Dès lors, la Cour conclut que « l’infraction reprochée […] concerne une réglementation nationale qui se situe en dehors du champ d’application du droit communautaire ». Cette qualification est déterminante, car elle rompt le lien de rattachement qui aurait pu justifier l’application des principes généraux du droit communautaire. La procédure de constatation de cette infraction, étant accessoire à une norme de fond purement nationale, échappe par conséquent au contrôle de la Cour de justice au regard de ces principes.
II. La confirmation du champ d’application conditionné des principes généraux du droit communautaire
La déclaration d’incompétence de la Cour n’est pas une simple décision d’espèce mais illustre une doctrine jurisprudentielle constante qui conditionne le respect des droits fondamentaux par les États membres à la mise en œuvre du droit de l’Union (A).
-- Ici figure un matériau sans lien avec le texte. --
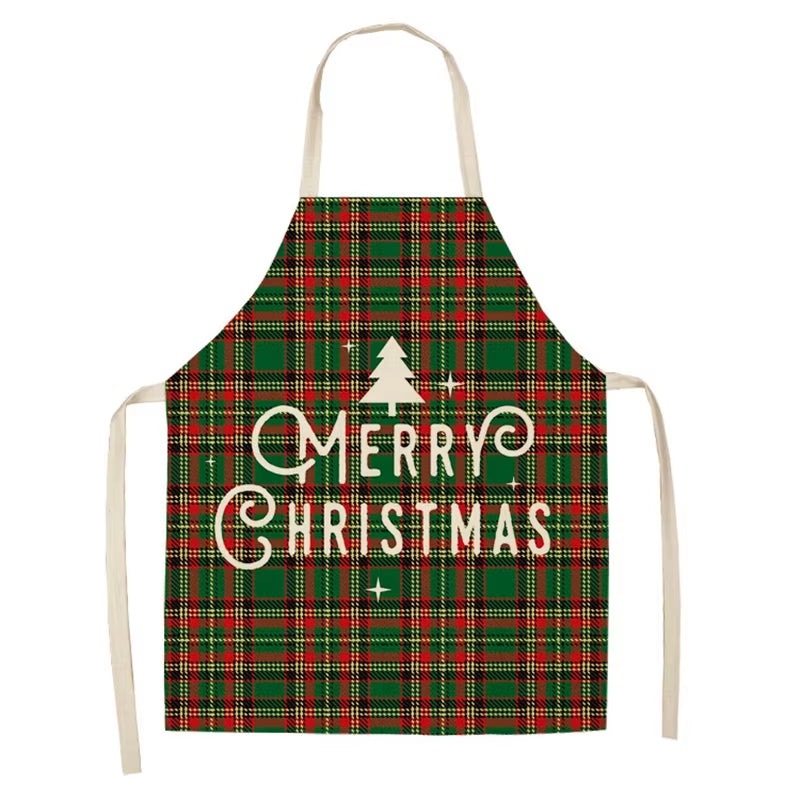 Linen Merry Christmas Apron – Festive Kitchen Accessory for Christmas 2025 & New Year Gifting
La portée de cette décision est donc de tracer une frontière claire entre l’office du juge de l’Union et celui des juridictions nationales (B).
A. Le rappel du principe de subsidiarité dans la protection des droits fondamentaux
En affirmant qu’elle n’est pas compétente, la Cour applique une jurisprudence bien établie, notamment depuis son arrêt de 1987 dans l’affaire 12/86, selon laquelle les exigences découlant de la protection des droits fondamentaux dans l’ordre juridique communautaire ne s’imposent aux États membres que lorsqu’ils agissent dans le champ d’application du droit communautaire. Autrement dit, la Cour de justice n’est pas une cour suprême des droits de l’homme ayant une compétence générale pour contrôler l’ensemble de la législation et des pratiques des États membres. Son rôle se limite à garantir que, lorsqu’un État membre met en œuvre une politique de l’Union ou déroge à une liberté fondamentale garantie par les traités, il le fait dans le respect des principes généraux, parmi lesquels figurent les droits de la défense.
La valeur de cet arrêt réside dans sa réaffirmation sobre et rigoureuse de ce principe de spécialité. En refusant d’examiner la procédure française au fond, la Cour évite toute ingérence dans un domaine relevant de l’autonomie procédurale et institutionnelle des États membres. Elle rappelle ainsi implicitement que le contrôle du respect des droits fondamentaux dans des situations purement internes relève de la compétence des juridictions nationales, au regard de leurs propres constitutions et de la Convention européenne de sauvegarde des droits de l’homme et des libertés fondamentales.
B. Une stricte délimitation de l’office du juge de l’Union
La portée de cette décision est de consolider une vision claire de la fonction du renvoi préjudiciel. Cet instrument n’est pas destiné à permettre un contrôle abstrait de la compatibilité du droit national avec les principes généraux du droit de l’Union. Il doit nécessairement s’inscrire dans le cadre d’un litige où l’interprétation ou la validité d’une norme de l’Union est pertinente pour la solution de l’affaire au principal. En l’absence de ce lien, la Cour se doit de décliner sa compétence, sous peine de transformer le dialogue des juges en un mécanisme de censure des législations nationales en dehors des compétences attribuées à l’Union.
Cet arrêt, bien que rendu dans une configuration factuelle simple, constitue ainsi une décision de principe par la clarté avec laquelle il réitère les frontières de la juridiction de l’Union. Il enseigne que l’invocabilité des principes généraux du droit communautaire ne peut servir de moyen détourné pour étendre le champ d’application du droit de l’Union au-delà de ce que les traités et le droit dérivé prévoient. La protection des droits reste donc tributaire de la répartition des compétences entre l’Union et ses États membres.